═════ RECORDS FOR THE EXERCISE ═════
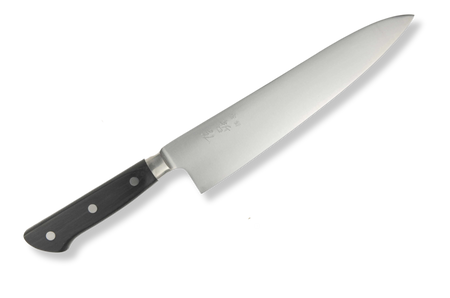 Nóż kuchenny Tetsuhiro KAS Gyuto 210 mm [KAS-975]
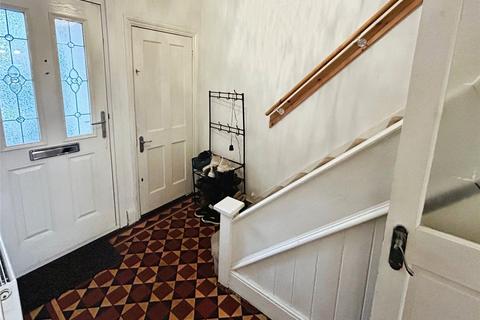 undefined, Beaumont Crescent, Coundon, Coventry, West Midlands, CV6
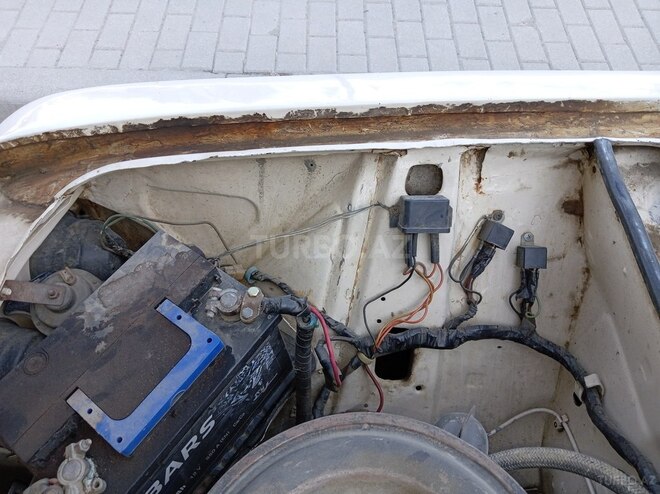 LADA (VAZ) 2106 1993, 91,256 km - 1.6 л - Sabirabad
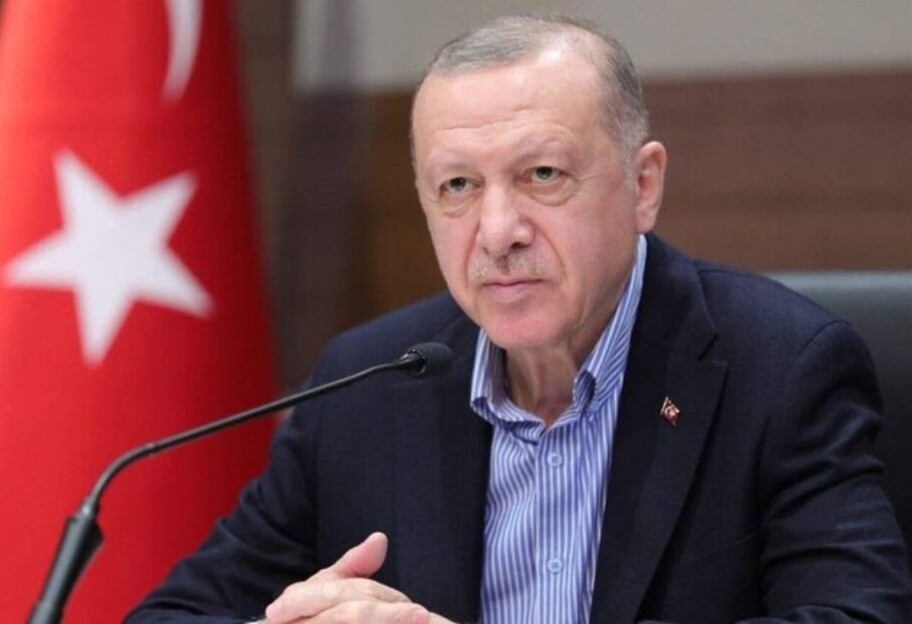 Эрдоган не верит в скорое окончание войны в Украине - фото 1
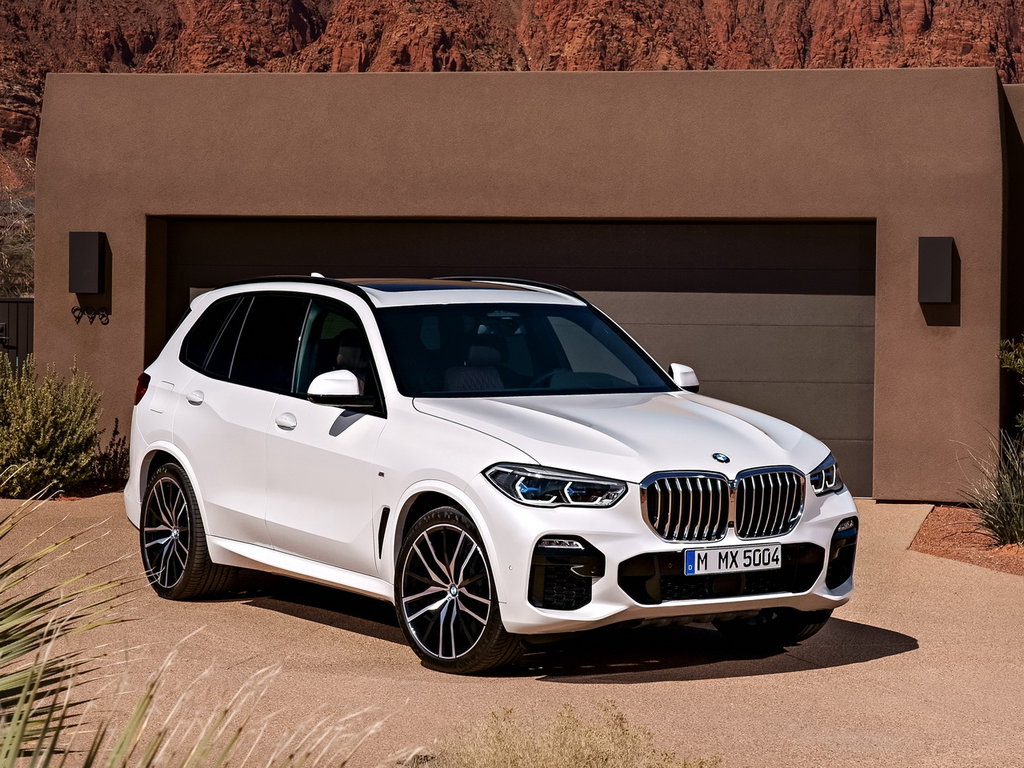 Bmw x5 белый фото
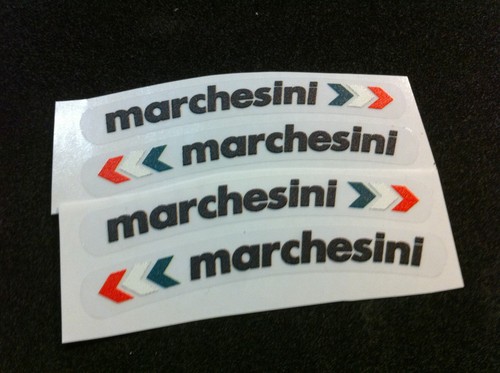 Adesivi stickers marchesini - stickers,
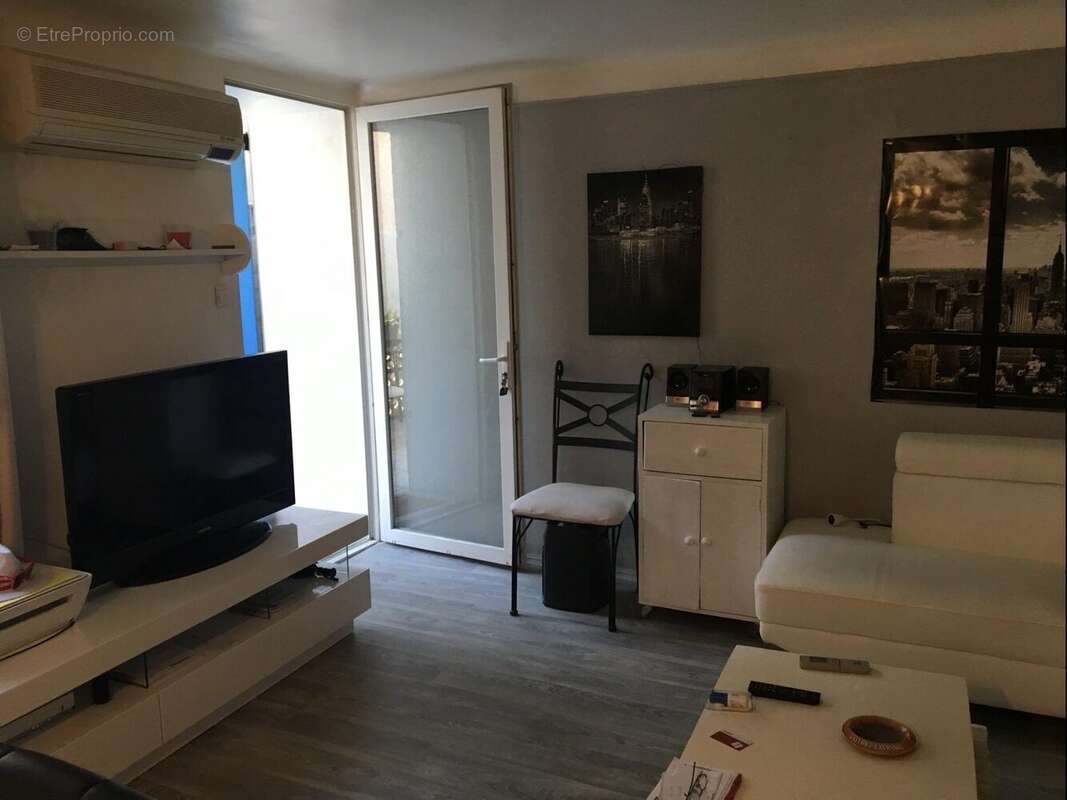 Appartement à ISTRES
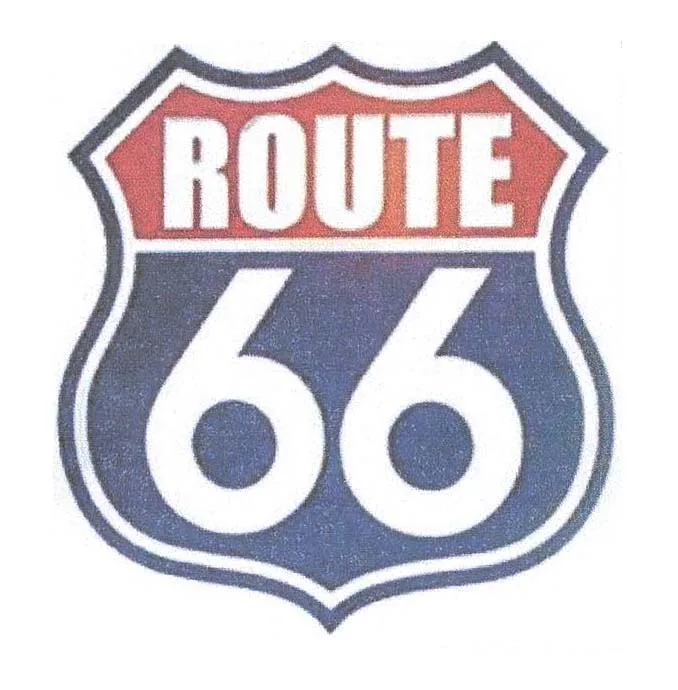 ROUTE 66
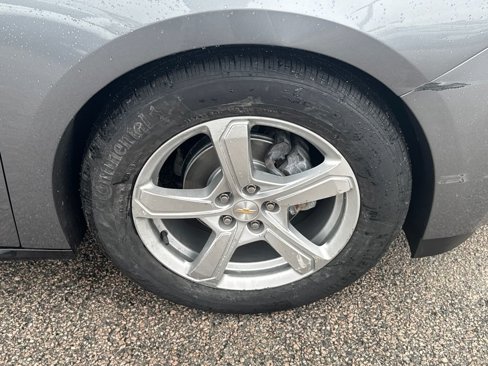 Used 2019 Chevrolet Volt LT w/ Power Convenience Package image 38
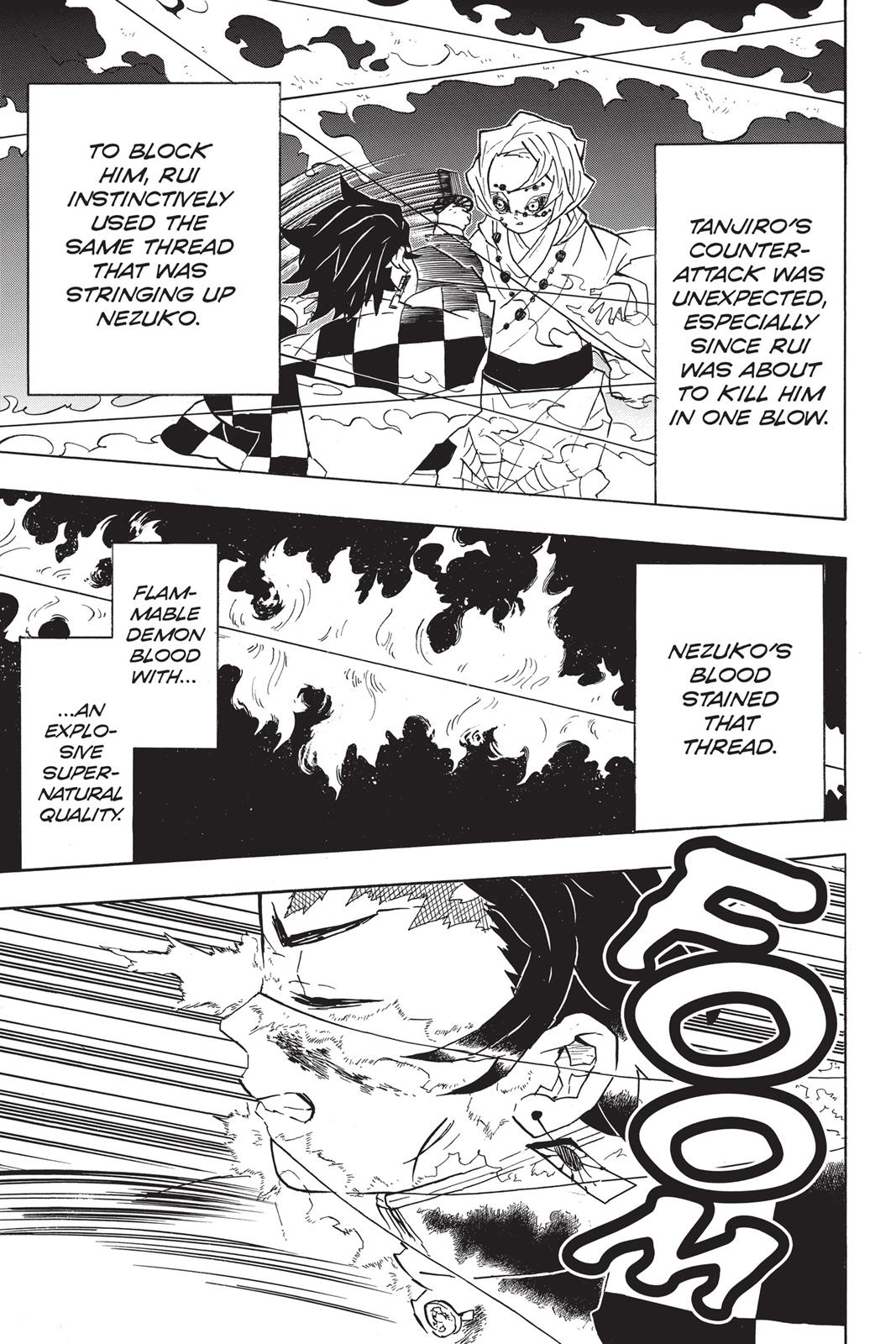 Read Demon Slayer Manga Online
═════
§ TASK TO CARRY OUT:
Only the lines from the one with "LADA (VAZ) 2106" through the final line of the entries above should be transcribed, exactly and without pictures.

§ TASK SOLUTION:
 LADA (VAZ) 2106 1993, 91,256 km - 1.6 л - Sabirabad
 Эрдоган не верит в скорое окончание войны в Украине - фото 1
 Bmw x5 белый фото
 Adesivi stickers marchesini - stickers,
 Appartement à ISTRES
 ROUTE 66
 Used 2019 Chevrolet Volt LT w/ Power Convenience Package image 38
 Read Demon Slayer Manga Online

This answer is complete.